Entendo que um processo solo é algo que se desvela na acumulação. E não poderia deixar de mencionar ou pôr em rede, também, as músicas, os lugares, as pessoas que possibilitaram que meu trabalho estivesse em condição de receber visitas.
Todos os meus projetos têm data de validade. Por uma série de questões de envolvimento com a temporalidade das coisas, pela necessidade da criação de novos objetos, ou pela simples noção de que as coisas vencem: essa performance foi criada há 2 anos, pode estar vencida. Talvez, antes mesmo de ser apresentada, já tenha sido lida. O leitor corre sempre esse risco.
O que muda? A maneira de revisitar.
Em julho de 2003 fui contemplado com uma bolsa de pesquisa coreográfica pelo Instituto Itaú Cultural. Naquele momento, foram quase 400 projetos inscritos, vindos de toda parte do país, dos quais 14 foram selecionados para receberem financiamento de produção. Para a análise do projeto, os criadores deveriam enviar 15 linhas escritas sobre sua proposta coreográfica e uma fita VHS com uma pequena amostra da pesquisa, com não mais que 10 e nem menos que 5 minutos de duração.
Morava em Uberlândia, no Triângulo Mineiro. Foi lá que, pelo menos durante oito anos, desenvolvi minhas pesquisas em relação à dança, literatura, performance.
Voltando à bolsa. Eu tinha 15 linhas e exatos 5 minutos.
Antes mesmo de receber o valor da premiação, comecei a investir em minha pesquisa.

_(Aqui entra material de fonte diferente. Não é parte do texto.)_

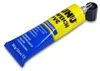 UHU Spezialkleber weich PVC 30g Produktbild-Vorschau 2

Fui viajar. Precisava entender porque havia demorado tanto tempo para que eu conseguisse uma subvenção no Brasil. Para isso precisava me comunicar. Minhas ideias ainda estavam muito frágeis.
Como estava fazendo uma apresentação em Portugal, decidi ir até a França para compartilhar minha pesquisa com um amigo. Mostrei a ele as 15 linhas escritas e os 5 minutos de meu trabalho. Sobre o texto, ele disse: “fantasia”. E sobre os 5 minutos em vídeo: “isso é Xavier Le Roy”.
Um hiato. (Tomo um copo d’água) Foi esse mesmo tempo que tive para pensar em vitimar minhas ideias. Mas, minutos depois, perguntei a ele:
– Quem é Xavier Le Roy?
Ele me respondeu:
– Um dos coreógrafos mais famosos da atualidade.
– Eu não o conheço.
Respondi muito frustrado. Em seguida, retomei:
– Ele me conhece?
– É claro que não, my dear.
Entendi quais seriam as relações que iriam compor meu novo projeto. Segundo Milton Santos, vivemos em um mundo exigente de um discurso para a inteligência das coisas e das ações. O espaço se globaliza, mas não é mundial, senão como metáfora. Todos os lugares são mundiais, mas não há espaço mundial. Quem se globaliza mesmo são as pessoas e os lugares. A única dimensão mundial é o mercado.
Globalização, portanto, é antes de tudo: fantasia (15 linhas do texto), porque a transferência não passa de uma promessa, e perversidade (5 minutos do trabalho em vídeo), pela prática da competitividade.
A ideia de reconstruir outras relações para Transobjeto me fez recorrer à pesquisa de outros brasileiros que, artisticamente, problematizaram a ideia de universalidade das coisas, operando contra imposturas políticas: nas artes visuais, Lygia Clark, Hélio Oiticica; na música, Caetano Veloso e, na dança, Lia Rodrigues.
Através de seus projetos, esses artistas conseguiram (e ainda conseguem) transitar entre os códigos gastos de edificação de tradição, baseados em questões identitárias; como também perambular por clichês, questionando a tal e inexistente brasilidade ao propor em suas práticas um discurso sensorial à beira da doçura e da atividade humana.
Para tanto, eu, a pedra, o parangolé, Caetano-em-inglês, o guarda-chuva, os movimentos equiparados aos de Xavier – que nada mais são do que estruturas corporais baseadas na proposta “Bicho”, criada no final da década de 1960 por Lygia Clark – compõem o discurso dos objetos: do uso e da sedução. E a legitimação desse cenário depende de onde você o observa, se se cartografa ou se se expõe aos adjetivos vazios da comparação.
Em Wagner Ribot Pina Miranda Xavier Le Schwartz Transobjeto não há La Ribot, Pina Bausch, Xavier Le Roy, Carmen Miranda, samba, favela, ginga, cores, cartão postal, Planalto Central. Mas um pensamento que se formou à margem de La Ribot, Pina Bausch, Xavier Le Roy, Carmen Miranda, samba, favela, ginga, cores, cartão postal, Planalto Central.
E o melhor seria se a alegria ainda fosse a prova dos nove.